**Exercise details**
Repeat exactly the line with "Order S5. Sizzling" and each line after it to the end of the data below; pictures stay out.

Dataset records:
■ ■ ■ ■ ■ ■ ■
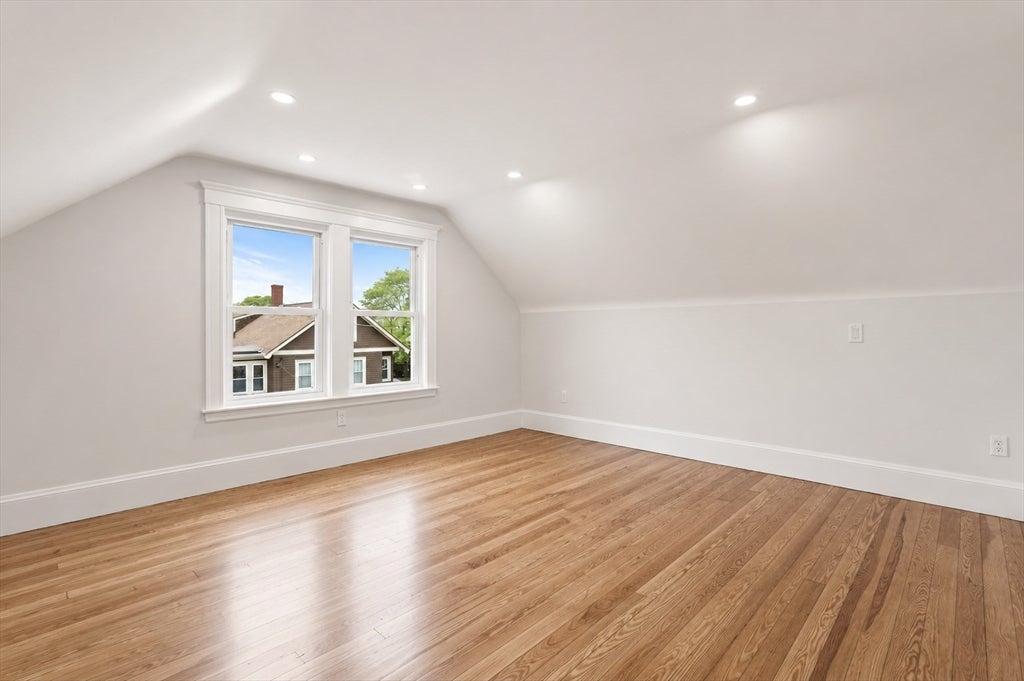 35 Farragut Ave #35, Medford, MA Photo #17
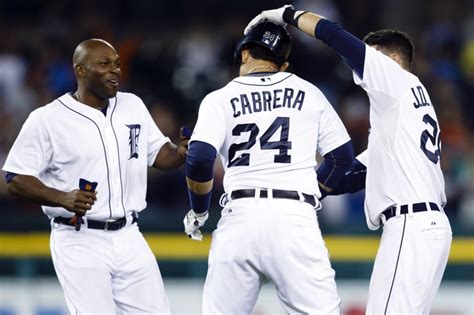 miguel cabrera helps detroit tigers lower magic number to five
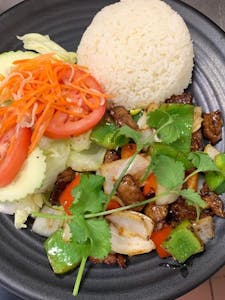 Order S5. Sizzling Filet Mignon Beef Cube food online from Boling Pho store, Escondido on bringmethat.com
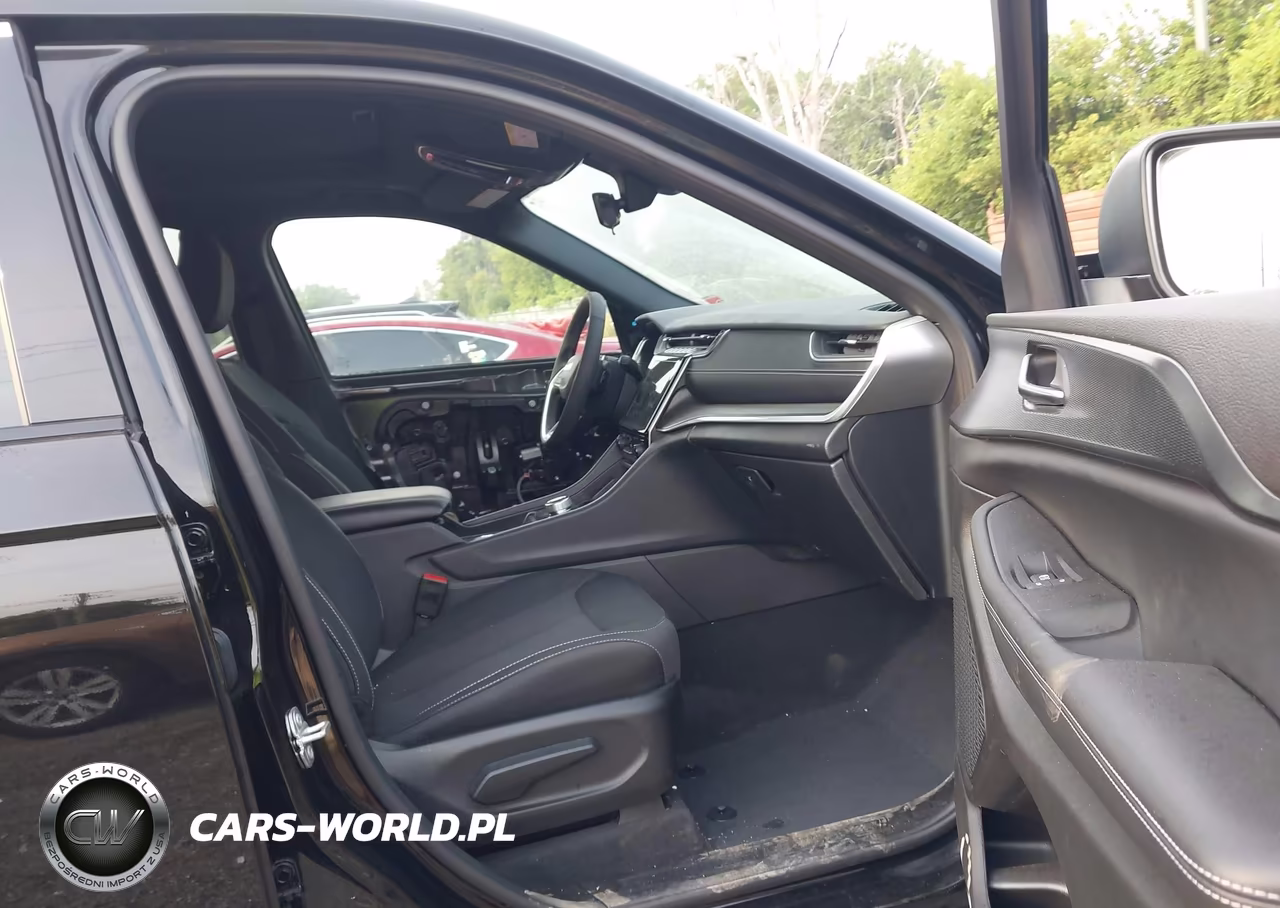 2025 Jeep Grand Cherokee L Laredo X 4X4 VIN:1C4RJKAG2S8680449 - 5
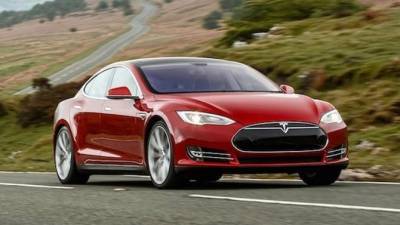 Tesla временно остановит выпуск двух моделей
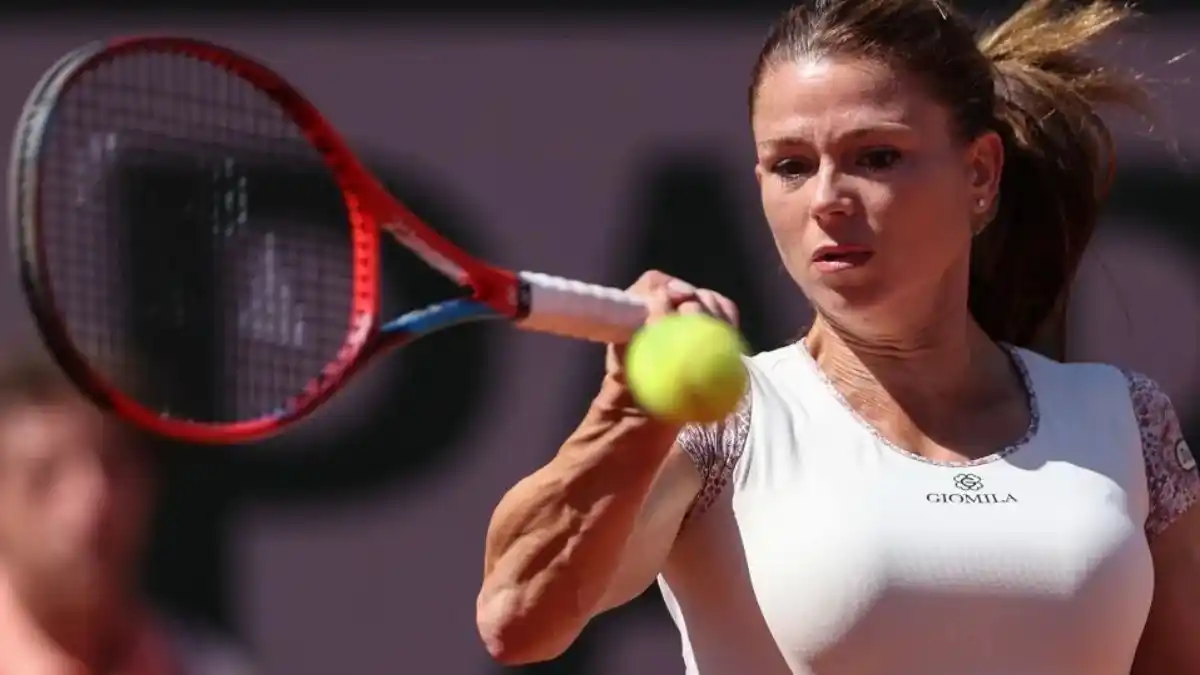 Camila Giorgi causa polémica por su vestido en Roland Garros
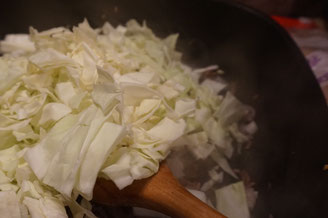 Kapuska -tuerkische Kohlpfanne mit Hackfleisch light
■ ■ ■ ■ ■ ■ ■
**Your solution**
 Order S5. Sizzling Filet Mignon Beef Cube food online from Boling Pho store, Escondido on bringmethat.com
 2025 Jeep Grand Cherokee L Laredo X 4X4 VIN:1C4RJKAG2S8680449 - 5
 Tesla временно остановит выпуск двух моделей
 Camila Giorgi causa polémica por su vestido en Roland Garros
 Kapuska -tuerkische Kohlpfanne mit Hackfleisch light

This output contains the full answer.